2024, Designing a user interface for caption quality evaluation tool
The Canadian Radio-television and Telecommunications Commission (CRTC) regulates the quality of Closed Captioning (link), which is assessed using a specific model. Expert users faced significant barriers and inefficiencies due to the lack of dedicated software and interface for evaluating televised captions. To address this problem, a software tool was designed and developed from scratch using User-Centered Design principles. This project involved two cycles of user research, including the System Usability Scale (SUS) and user studies, which informed the initial user interface design and an Alpha prototype. The tool enables certified evaluators to compare televised captions with transcripts, generating quality reports for broadcasters to audit caption quality.
Duration: 11 months
As a Product Manager / Lead Researcher , I designed the UX research, interviews, questionnaires, led and directed the interface design. In addition, I discussed the change from the design cycles along with the developers for lean and agile development.
1. Requirement gathering
From the initial stage, two objectives were focused on to develop a dedicated user interface.
- Task requirements
- Need, Want, and Wish lists (Desired workflow)
Figure 1. Old interface using VBA. It does not have intuitive controls and cluttered elements as the software is not dedicated to the task.
Figure 2. User requirements made in FigJam. Note that the diagram is not in the traditional format as it was to communicate with the software developers.
2. Prototyping with the baseline knowledge, and expert interviews
Initially, the Canadian NER model quality assessment procedure was studied to see how error severity was determined and how each error types were defined. The certified NER evaluators were recruited from NER Canada. The requirement lists and benchmarking of some other existing tools for other purposes were taken as design references. This allowed us to go through the initial low-fidelity prototype and potential user journey.

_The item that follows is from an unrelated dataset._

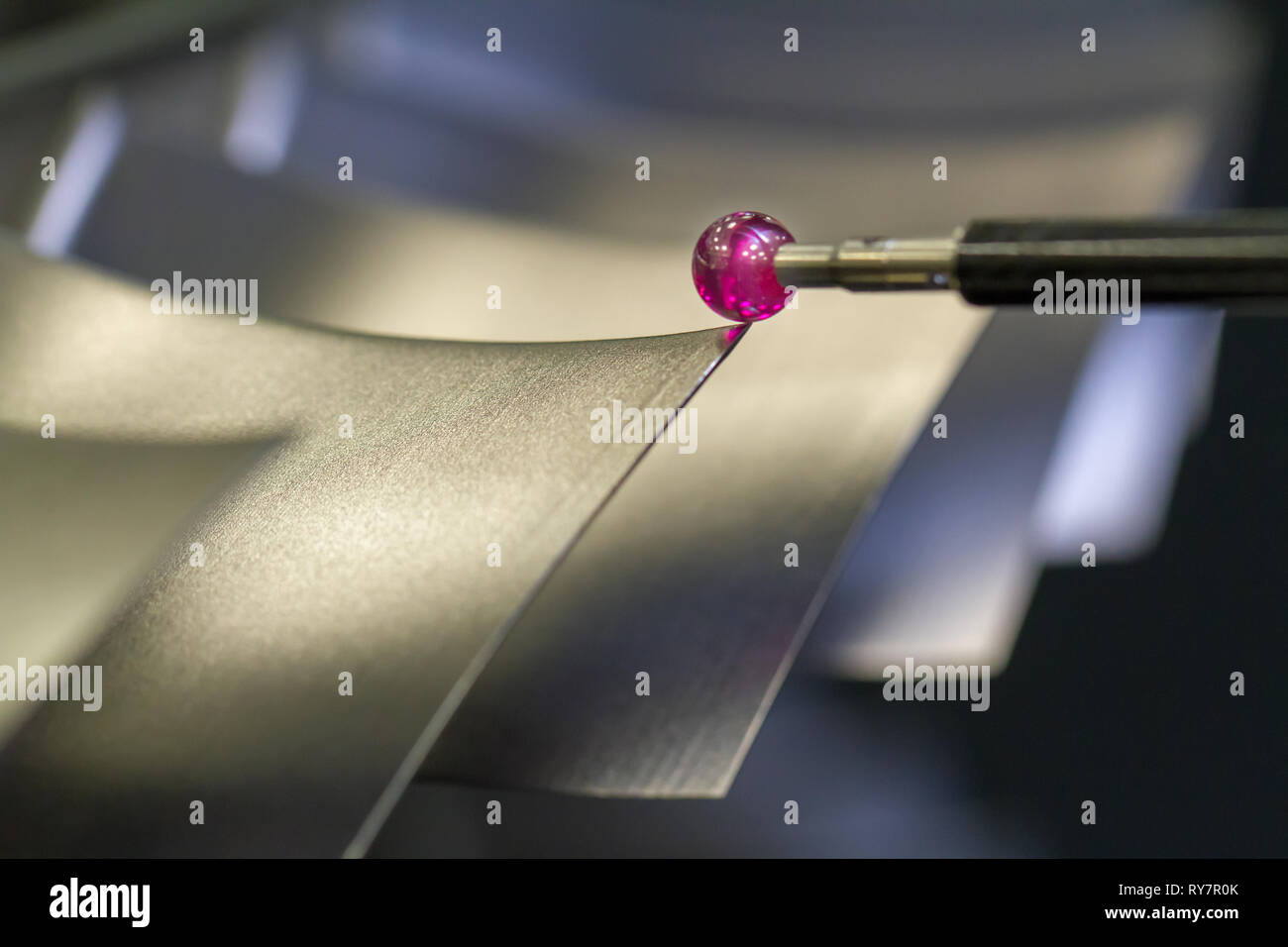 inspect dimension metal parts by CMM after machining process in industrial factory Stock Photo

Figure 3. Low fidelity wireframe v1
Figure 4. Low fidelity wireframe v2
High fidelity prototype
The team evaluated the sketches, and the initial proof of concept level of software was implemented to be tested with the expert users. Then, the first high-fidelity prototype was created.

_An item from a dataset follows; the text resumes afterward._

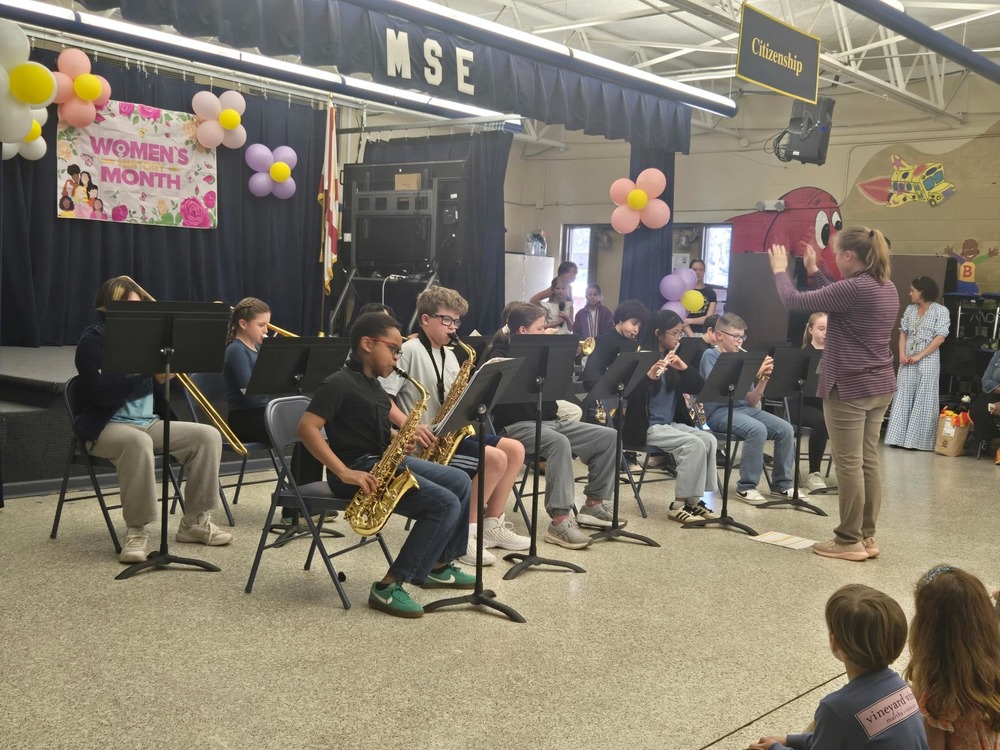 students sitting in chairs with band instruments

Figure 5. High fidelity prototype
To communicate with the stakeholders, a user journey of the desired system was also presented.
Figure 6. User journey
3. First user study
The first user study was planned to test the interface and system's usability and to learn deeper into the experts' workflow and desires. Therefore, the study was designed in the following order:
- Demographic questionnaire
- System Usability Scale on the current interface
- User tasks (think aloud protocol) with semi-structured interview questions
Figure 7. Coded qualitative data
Figure 8. Codes found from interview data
4. Research Insights: design recommendations, second iteration of the user research, and after...
- Interface should integrate a video player for users while providing concurrent controls and displays.
- The video player should also have keyboard control, which has important accessibility implications.
- Interface should provide a single pair-wise control for the caption and verbatim sections to move together.
- Interface should provide functionalities for the idea unit edition.
- Interface should be flexible and intuitive to indicate and control the editable entries against non-editable entries for idea unit definition.
- Interface should provide users access to the official NER guidelines and decision tree.
These design recommendations were presented and discussed with the software development team. Each recommendation was implemented to update on the tool interface. Upon implementation, a second round of user study was performed with the same five expert users. The second study was designed in the following order:
- User tasks (think aloud protocol) with semi-structured interview questions
- System Usability Scale on the NERWEB interface
The SUS score comparison showed improved usability from the conventional interface to the new interface, which was already proven by participants' reactions in the interview. A non-parametric statistical analysis for within-group comparison (Wilcoxon Signed-rank test) was performed to compare the two sets of SUS scores.
Figure 9. NERWEB final interface
Figure 10. Final report screen with CAIS prediction scores
Finally
The first part of this work was described in detail for the academic publication manuscript.- Nam, S., Tanvir, R., (2024). NERWEB: User-friendly Software for Caption Quality Assessment Using the NER Model, Computers Helping People with Special Needs, ICCHP 2024, Linz, Austria, 2024, Proceedings. Springer.